What this task involves —
Only one stretch of the data below is wanted: the lines starting at the one with "Austria,Salzburg Country,Couple sitting" and ending at the one with "Mantan atlet layar", both included, given again exactly.

Given entries —
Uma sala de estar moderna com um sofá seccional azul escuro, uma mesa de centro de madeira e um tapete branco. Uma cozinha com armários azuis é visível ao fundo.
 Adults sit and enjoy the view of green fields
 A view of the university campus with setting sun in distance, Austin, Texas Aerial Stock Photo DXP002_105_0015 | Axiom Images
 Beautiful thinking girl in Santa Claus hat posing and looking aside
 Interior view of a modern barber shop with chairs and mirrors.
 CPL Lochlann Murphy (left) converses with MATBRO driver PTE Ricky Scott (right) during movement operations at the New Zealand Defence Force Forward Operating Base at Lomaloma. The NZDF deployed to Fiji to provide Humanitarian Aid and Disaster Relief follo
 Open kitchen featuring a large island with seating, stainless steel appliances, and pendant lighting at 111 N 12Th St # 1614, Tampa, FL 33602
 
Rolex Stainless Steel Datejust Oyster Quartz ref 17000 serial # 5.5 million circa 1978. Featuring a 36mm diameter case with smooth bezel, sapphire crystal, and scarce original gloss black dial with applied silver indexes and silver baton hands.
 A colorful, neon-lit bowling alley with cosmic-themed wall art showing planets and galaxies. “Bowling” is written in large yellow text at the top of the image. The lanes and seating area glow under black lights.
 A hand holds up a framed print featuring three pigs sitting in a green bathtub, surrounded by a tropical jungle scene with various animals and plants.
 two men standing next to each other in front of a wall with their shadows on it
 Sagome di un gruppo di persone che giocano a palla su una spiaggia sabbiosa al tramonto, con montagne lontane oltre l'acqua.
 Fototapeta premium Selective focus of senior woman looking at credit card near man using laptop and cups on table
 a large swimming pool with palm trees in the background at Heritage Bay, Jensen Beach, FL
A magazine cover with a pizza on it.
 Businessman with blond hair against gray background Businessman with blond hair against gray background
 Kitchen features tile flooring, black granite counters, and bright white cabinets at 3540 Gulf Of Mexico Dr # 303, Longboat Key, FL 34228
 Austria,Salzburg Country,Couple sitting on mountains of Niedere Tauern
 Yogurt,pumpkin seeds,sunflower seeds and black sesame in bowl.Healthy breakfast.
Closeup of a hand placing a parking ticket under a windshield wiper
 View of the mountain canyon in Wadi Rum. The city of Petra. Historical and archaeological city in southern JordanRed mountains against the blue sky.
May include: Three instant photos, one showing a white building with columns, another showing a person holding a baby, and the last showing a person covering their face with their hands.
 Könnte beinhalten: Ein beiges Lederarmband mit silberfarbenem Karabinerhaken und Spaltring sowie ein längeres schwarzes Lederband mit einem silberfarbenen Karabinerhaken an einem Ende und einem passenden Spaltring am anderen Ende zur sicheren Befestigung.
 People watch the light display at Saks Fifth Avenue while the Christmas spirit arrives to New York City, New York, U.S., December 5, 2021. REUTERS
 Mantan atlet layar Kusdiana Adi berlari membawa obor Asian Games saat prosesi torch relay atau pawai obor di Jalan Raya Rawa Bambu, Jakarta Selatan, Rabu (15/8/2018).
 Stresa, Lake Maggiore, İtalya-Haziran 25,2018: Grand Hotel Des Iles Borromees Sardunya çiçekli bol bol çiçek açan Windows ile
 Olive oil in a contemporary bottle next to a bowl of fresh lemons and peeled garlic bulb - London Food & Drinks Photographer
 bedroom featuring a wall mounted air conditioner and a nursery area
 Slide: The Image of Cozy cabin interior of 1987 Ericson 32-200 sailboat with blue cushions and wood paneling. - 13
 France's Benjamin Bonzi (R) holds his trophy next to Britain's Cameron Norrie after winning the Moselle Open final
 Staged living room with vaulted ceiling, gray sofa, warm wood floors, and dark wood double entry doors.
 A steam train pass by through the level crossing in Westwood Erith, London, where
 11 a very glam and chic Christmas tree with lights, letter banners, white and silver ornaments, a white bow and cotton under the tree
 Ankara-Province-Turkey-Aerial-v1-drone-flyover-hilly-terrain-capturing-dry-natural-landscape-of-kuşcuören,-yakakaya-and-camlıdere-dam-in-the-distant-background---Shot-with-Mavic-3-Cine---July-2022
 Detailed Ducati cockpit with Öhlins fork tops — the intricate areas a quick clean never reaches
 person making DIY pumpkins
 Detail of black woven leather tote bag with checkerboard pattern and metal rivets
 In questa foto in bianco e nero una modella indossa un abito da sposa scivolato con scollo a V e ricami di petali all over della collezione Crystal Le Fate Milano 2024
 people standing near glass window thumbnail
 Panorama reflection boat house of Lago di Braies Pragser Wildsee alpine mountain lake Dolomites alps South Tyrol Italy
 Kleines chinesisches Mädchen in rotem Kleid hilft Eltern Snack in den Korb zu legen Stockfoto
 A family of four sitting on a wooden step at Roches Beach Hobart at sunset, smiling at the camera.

Result of the exercise —
 Austria,Salzburg Country,Couple sitting on mountains of Niedere Tauern
 Yogurt,pumpkin seeds,sunflower seeds and black sesame in bowl.Healthy breakfast.
Closeup of a hand placing a parking ticket under a windshield wiper
 View of the mountain canyon in Wadi Rum. The city of Petra. Historical and archaeological city in southern JordanRed mountains against the blue sky.
May include: Three instant photos, one showing a white building with columns, another showing a person holding a baby, and the last showing a person covering their face with their hands.
 Könnte beinhalten: Ein beiges Lederarmband mit silberfarbenem Karabinerhaken und Spaltring sowie ein längeres schwarzes Lederband mit einem silberfarbenen Karabinerhaken an einem Ende und einem passenden Spaltring am anderen Ende zur sicheren Befestigung.
 People watch the light display at Saks Fifth Avenue while the Christmas spirit arrives to New York City, New York, U.S., December 5, 2021. REUTERS
 Mantan atlet layar Kusdiana Adi berlari membawa obor Asian Games saat prosesi torch relay atau pawai obor di Jalan Raya Rawa Bambu, Jakarta Selatan, Rabu (15/8/2018).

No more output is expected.